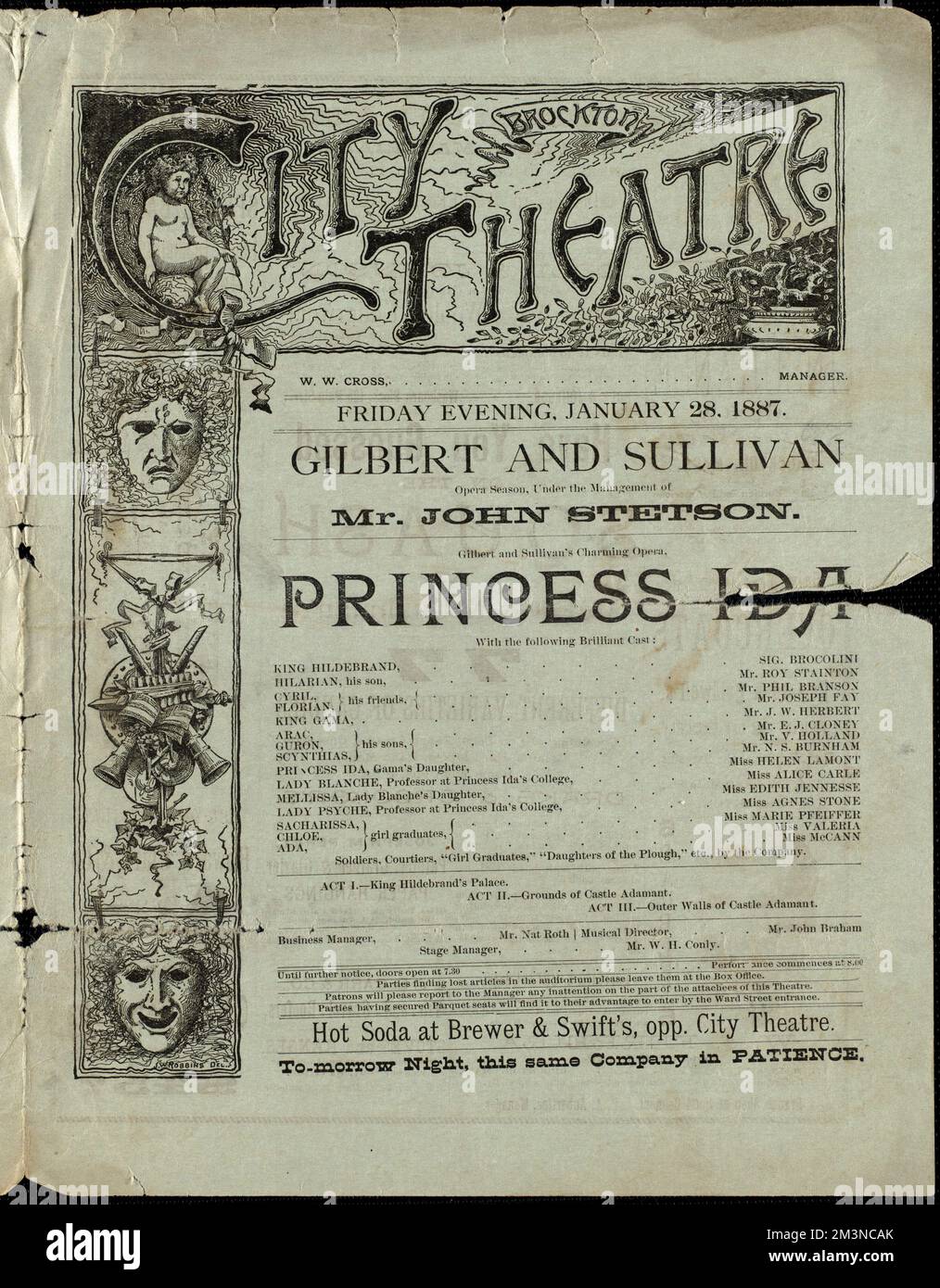 Princess Ida , Entertainment, Sullivan, Arthur, 1842-1900. Principessa Ida, Collezione archivistica della Biblioteca pubblica di Brockton Foto Stock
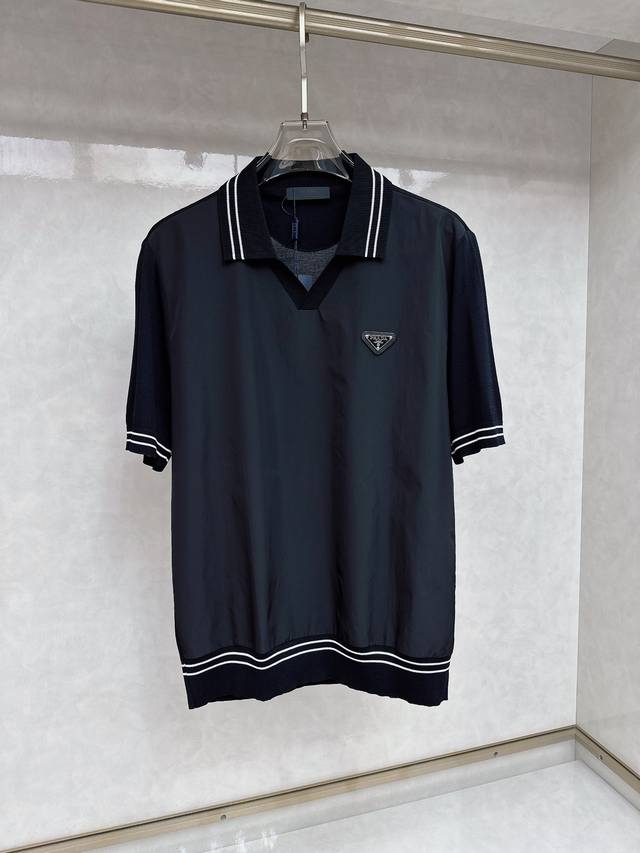 Prada 2025Ss New Spring/Summer Short-Sleeve Collar T-Shirt Polo, Highest Version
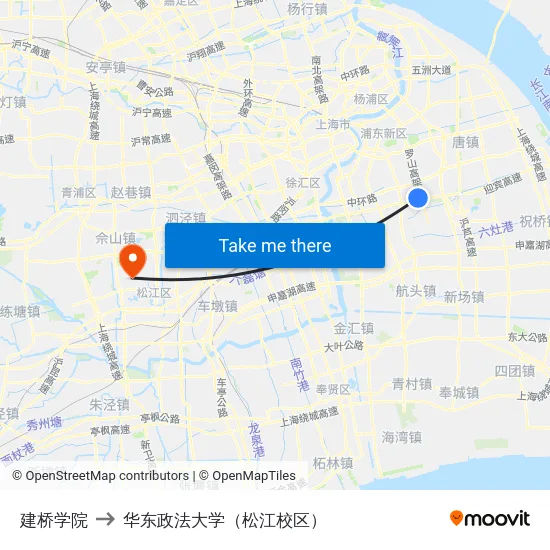 建桥学院 to 华东政法大学（松江校区） map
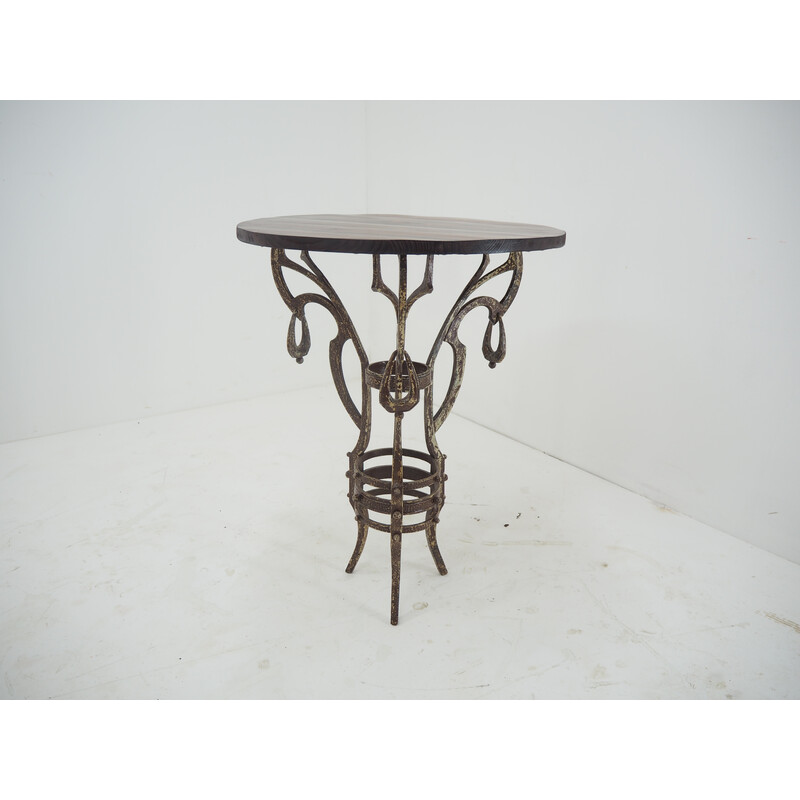 Vintage industrial iron side table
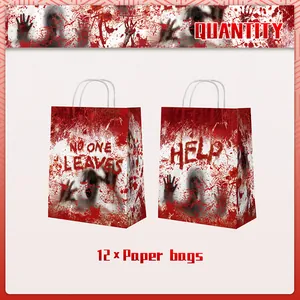 Detail of 12-pack Halloween bloody handprint kraft gift bags with rope handles
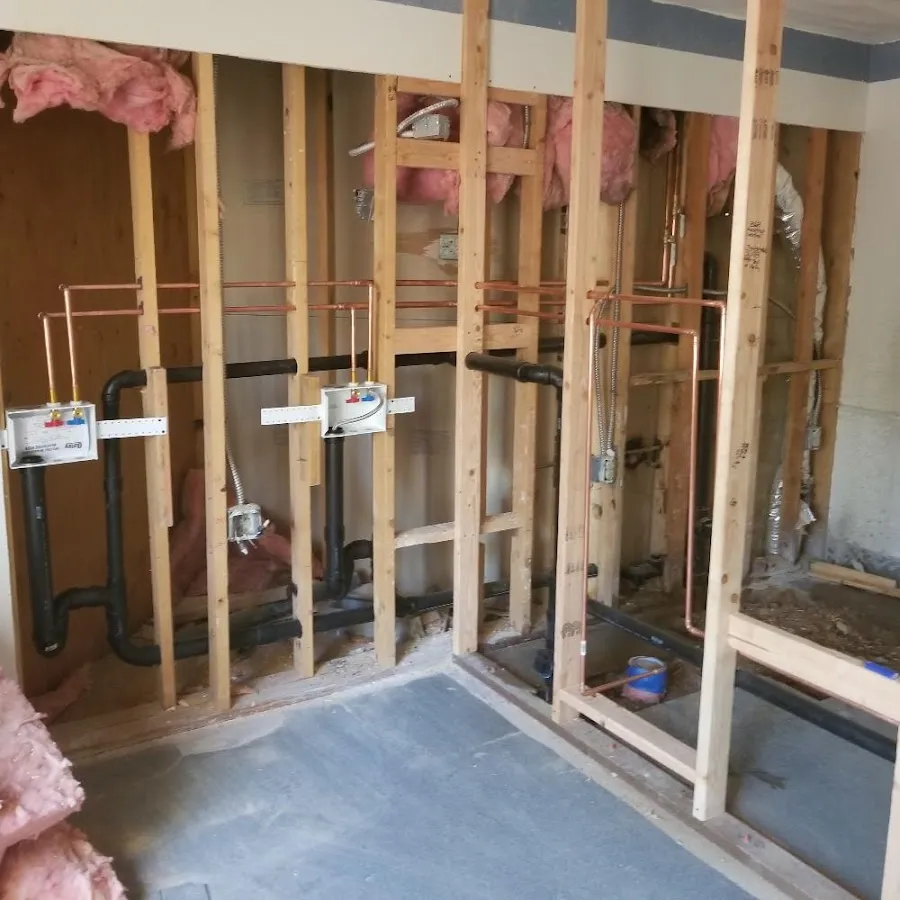 Copper pipe rough-in and plumbing installation in Portland
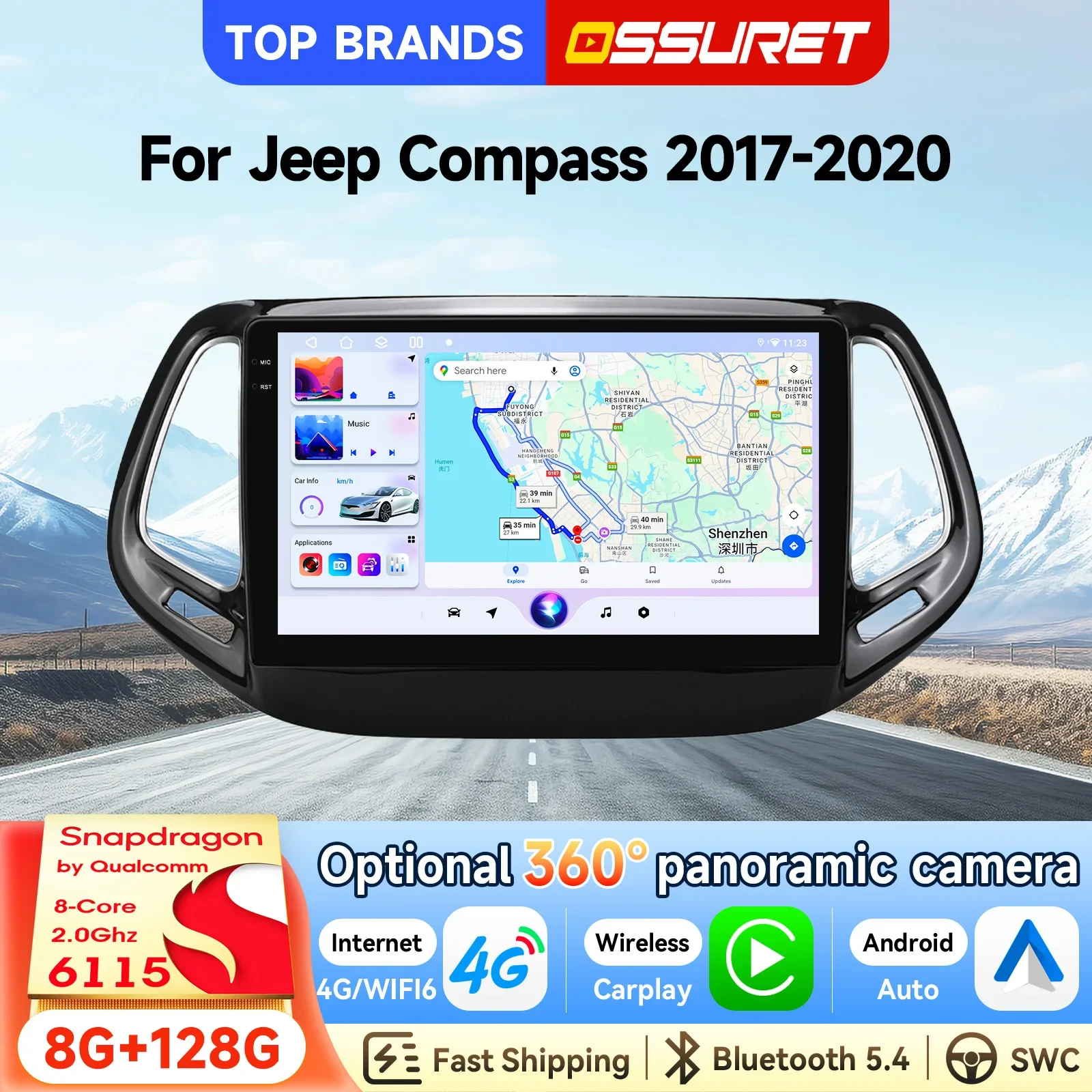 OSSURET – szybka dostawa, 10,1-calowy 2-DIN system Android 15 do samochodu, przeznaczony dla Jeep Compass (roczniki 2017–2020), bezprzewodowy CarPlay, Android Auto, nawigacja GPS, radio samochodowe,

+ + + + + + +

== What is required ==
All of the data is to be transcribed exactly, with images omitted.

== Output of the task ==
 Princess Ida , Entertainment, Sullivan, Arthur, 1842-1900. Principessa Ida, Collezione archivistica della Biblioteca pubblica di Brockton Foto Stock
 Prada 2025Ss New Spring/Summer Short-Sleeve Collar T-Shirt Polo, Highest Version
 建桥学院 to 华东政法大学（松江校区） map
 Vintage industrial iron side table
 Detail of 12-pack Halloween bloody handprint kraft gift bags with rope handles
 Copper pipe rough-in and plumbing installation in Portland
 OSSURET – szybka dostawa, 10,1-calowy 2-DIN system Android 15 do samochodu, przeznaczony dla Jeep Compass (roczniki 2017–2020), bezprzewodowy CarPlay, Android Auto, nawigacja GPS, radio samochodowe,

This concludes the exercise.